(Records shown)
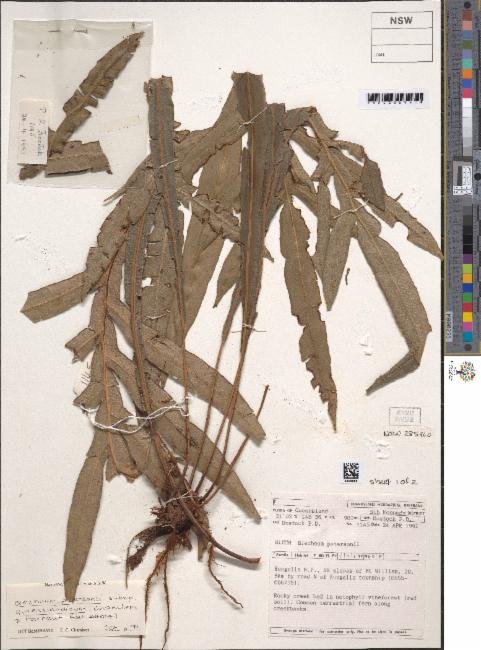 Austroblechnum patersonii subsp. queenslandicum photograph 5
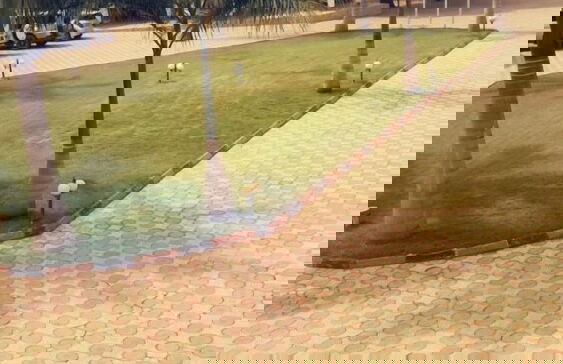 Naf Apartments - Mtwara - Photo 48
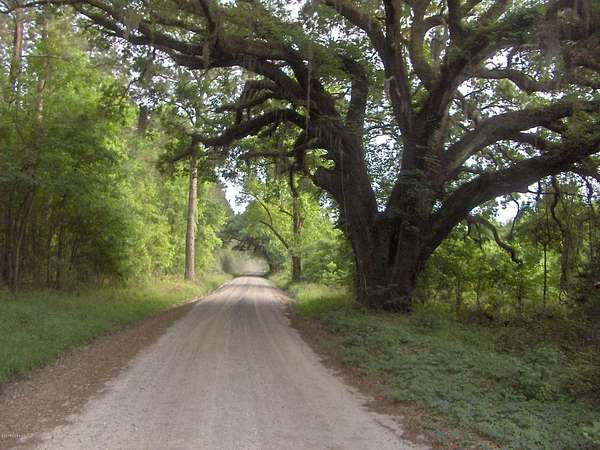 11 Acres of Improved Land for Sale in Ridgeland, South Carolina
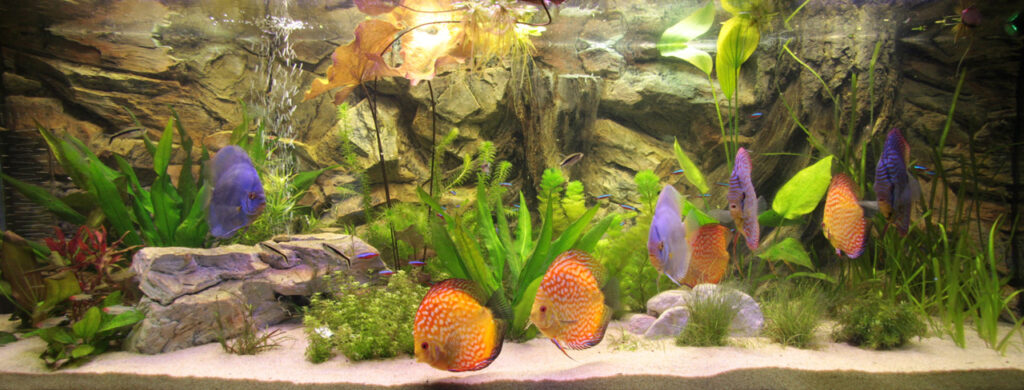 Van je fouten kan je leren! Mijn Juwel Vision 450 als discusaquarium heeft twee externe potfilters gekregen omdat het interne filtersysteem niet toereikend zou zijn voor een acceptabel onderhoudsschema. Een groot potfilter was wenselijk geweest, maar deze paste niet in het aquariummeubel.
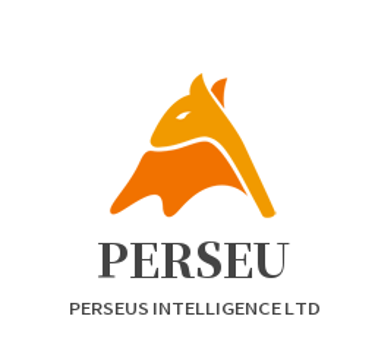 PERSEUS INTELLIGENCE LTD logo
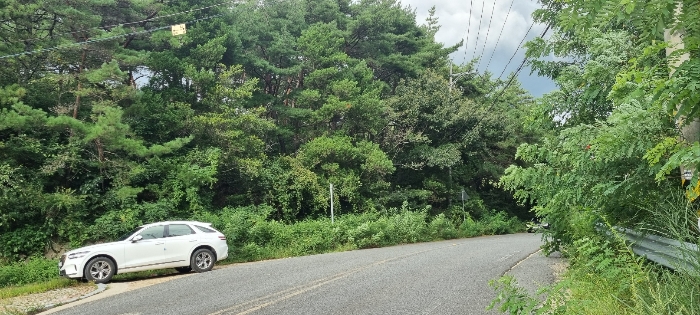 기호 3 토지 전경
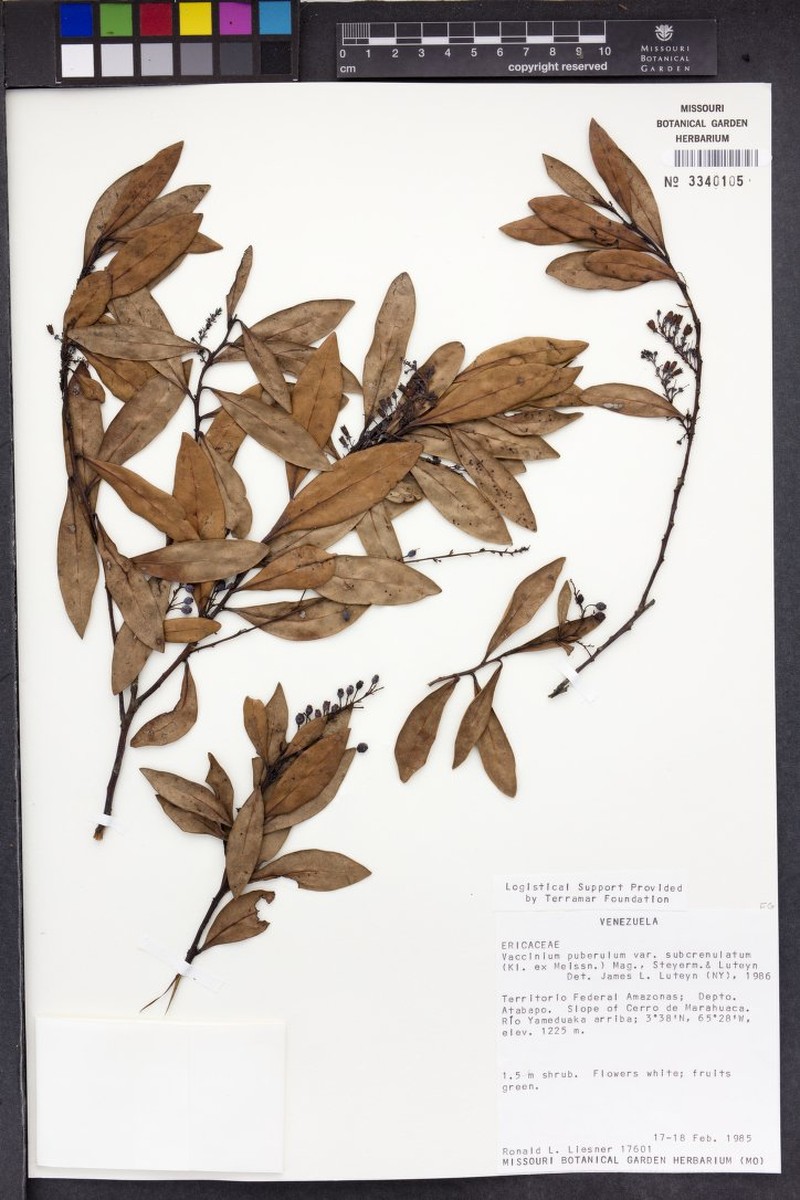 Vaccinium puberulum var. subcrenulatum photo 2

(What needs to be done) Copy the listing verbatim, omitting images.

(Reply to the task)
 Austroblechnum patersonii subsp. queenslandicum photograph 5
 Naf Apartments - Mtwara - Photo 48
 11 Acres of Improved Land for Sale in Ridgeland, South Carolina
 Van je fouten kan je leren! Mijn Juwel Vision 450 als discusaquarium heeft twee externe potfilters gekregen omdat het interne filtersysteem niet toereikend zou zijn voor een acceptabel onderhoudsschema. Een groot potfilter was wenselijk geweest, maar deze paste niet in het aquariummeubel.
 PERSEUS INTELLIGENCE LTD logo
 기호 3 토지 전경
 Vaccinium puberulum var. subcrenulatum photo 2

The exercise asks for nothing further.